Description d’un voyage aux établissements thermaux de l’arrondissement de Limoux/Quillan — Gignoles

IV. — Quillan. — Gignoles.


J’arrive, par une matinée des plus belles, monté sur un cheval — du pays, — qu’un de mes amis m’a prêté pour ma nouvelle pérégrination.

Que la nature est belle de Campagne ici ! Vraiment, toutes les stations thermales de l’arrondissement de Limoux sont des terres classiques de promenades : partout des sites toujours plus pittoresques et toujours plus nouveaux ; et qu’elle satisfaction de les parcourir, monté sur un jeune coursier qui, avec l’élégance de l’arabe, en a la vivacité et la souplesse !

Je me suis arrêté pour contempler le château en ruines qui couronne un promontoire à l’entrée de la ville de Quillan. Il en reste assez pour y trouver un cachet de construction aragonaise.

Je ne vous fais pas l’historique de Quillan qui, de 918 au traité de Maux, 1229, fut une dépendance du Duché de Narbonne, qui eut bien des luttes à supporter, comme se trouvant, soit dans les Marches-de-Septimanie, soit sur la limite des possessions aragonaises. Je ne dirai rien de la résistance admirable de ses braves habitants, dans un siège mémorable, avec de faibles remparts et la trahison de la Michance. Vous savez aussi que Quillan, ancien chef-lieu de district et de Maitrise des Eaux et Forêts, est aujourd’hui chef-lieu de canton.

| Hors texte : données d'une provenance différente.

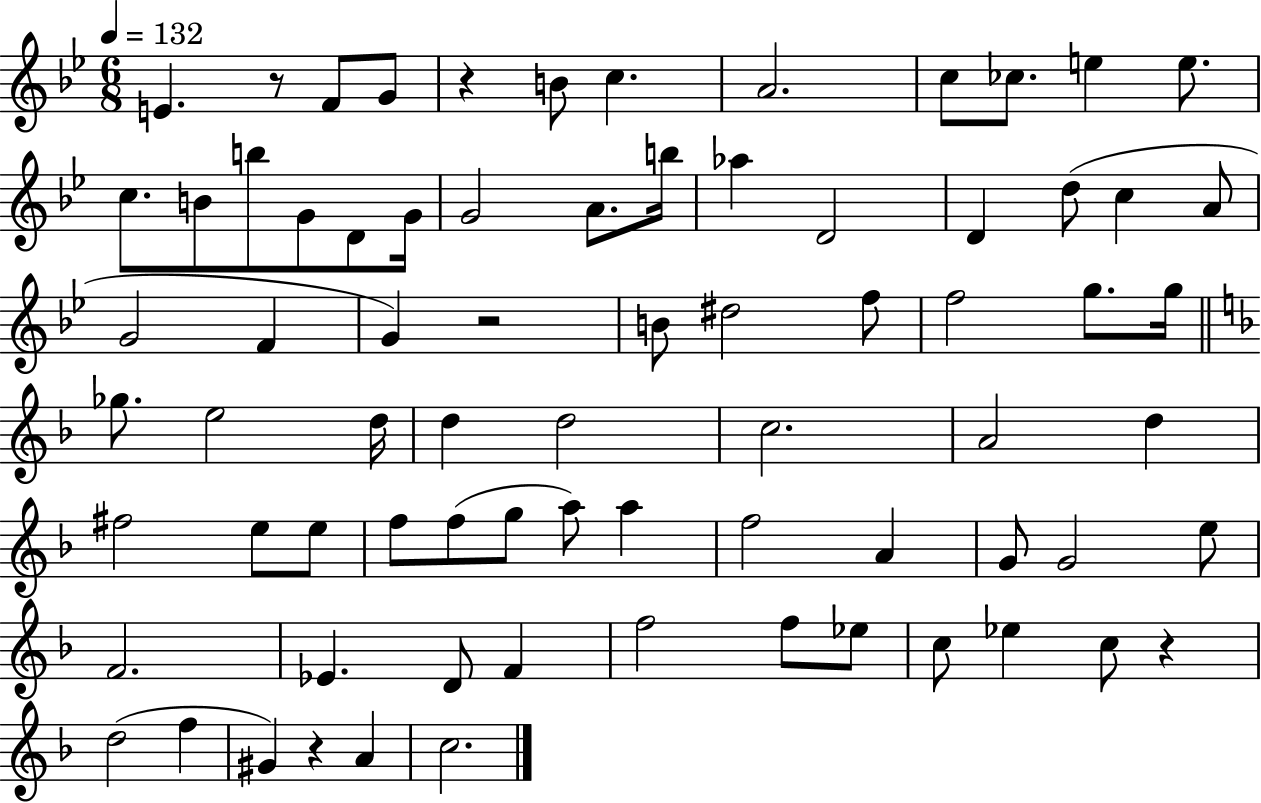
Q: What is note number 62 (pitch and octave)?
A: Eb5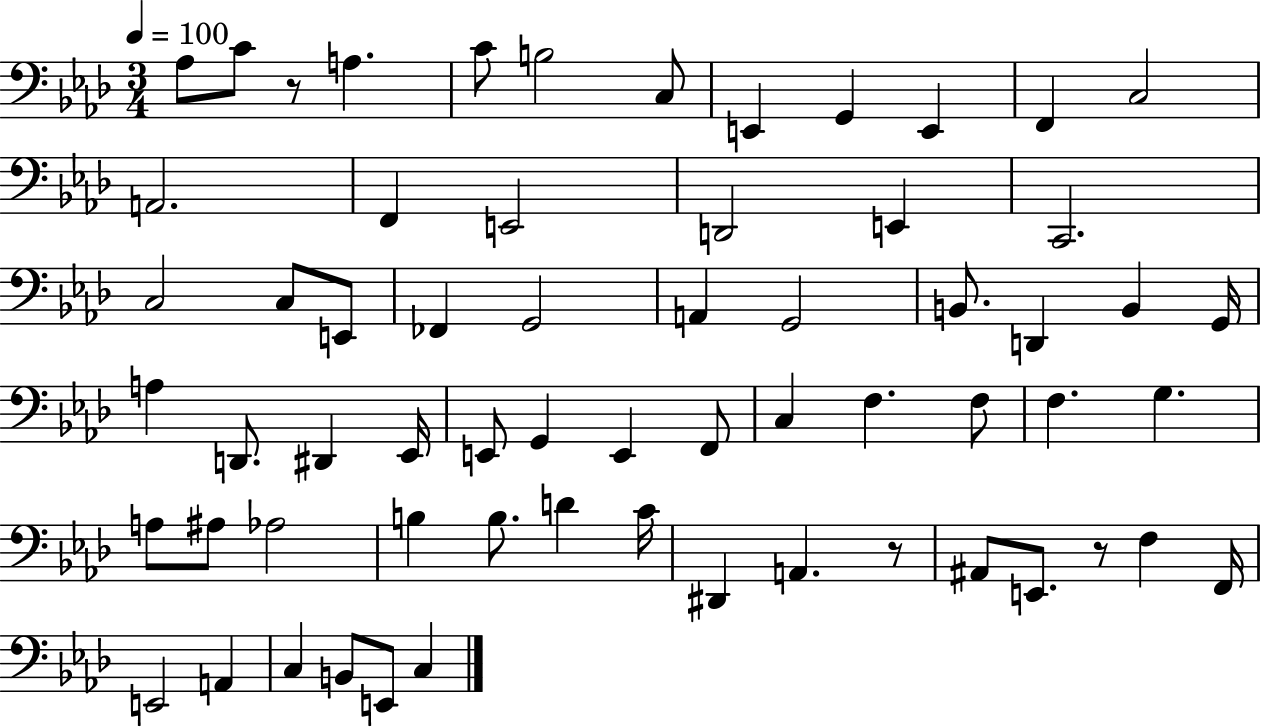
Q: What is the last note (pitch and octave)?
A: C3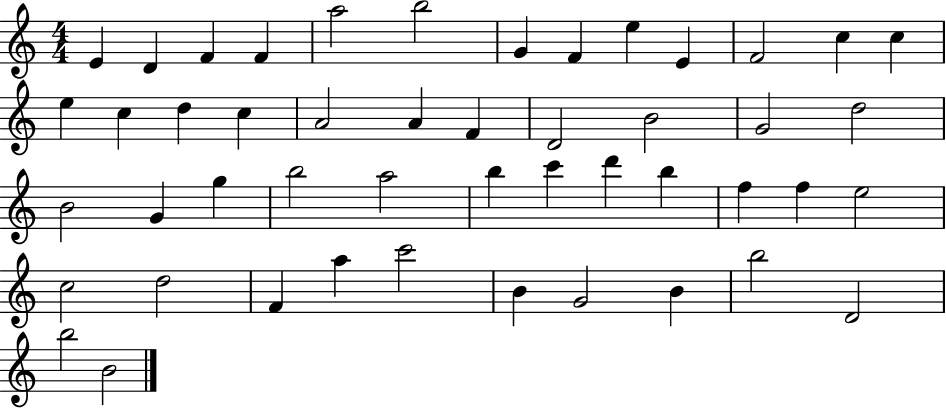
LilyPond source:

{
  \clef treble
  \numericTimeSignature
  \time 4/4
  \key c \major
  e'4 d'4 f'4 f'4 | a''2 b''2 | g'4 f'4 e''4 e'4 | f'2 c''4 c''4 | \break e''4 c''4 d''4 c''4 | a'2 a'4 f'4 | d'2 b'2 | g'2 d''2 | \break b'2 g'4 g''4 | b''2 a''2 | b''4 c'''4 d'''4 b''4 | f''4 f''4 e''2 | \break c''2 d''2 | f'4 a''4 c'''2 | b'4 g'2 b'4 | b''2 d'2 | \break b''2 b'2 | \bar "|."
}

Quillan est dans une plaine très-riante, ayant la forme d’une moitié de sphère. Cette plaine, d’une étendue très-restreinte, est limitée : au sud et à l’ouest, par de hautes montagnes, qui sont les contreforts du Pays-de-Sault, et le commencement des Corbières ; au nord et à l’est, par des côteaux d’une pente rapide. L’on découvre à l’ouest et au sud, une vraie mer de sapins et de hêtres ; au nord et à l’est, la vigne et l’olivier, et, dans la plaine, une culture des plus variées, avec une fécondité merveilleuse, surtout en produits maraichers. On pourrait voir de belles châtaigneraies sur les côteaux du sud-est.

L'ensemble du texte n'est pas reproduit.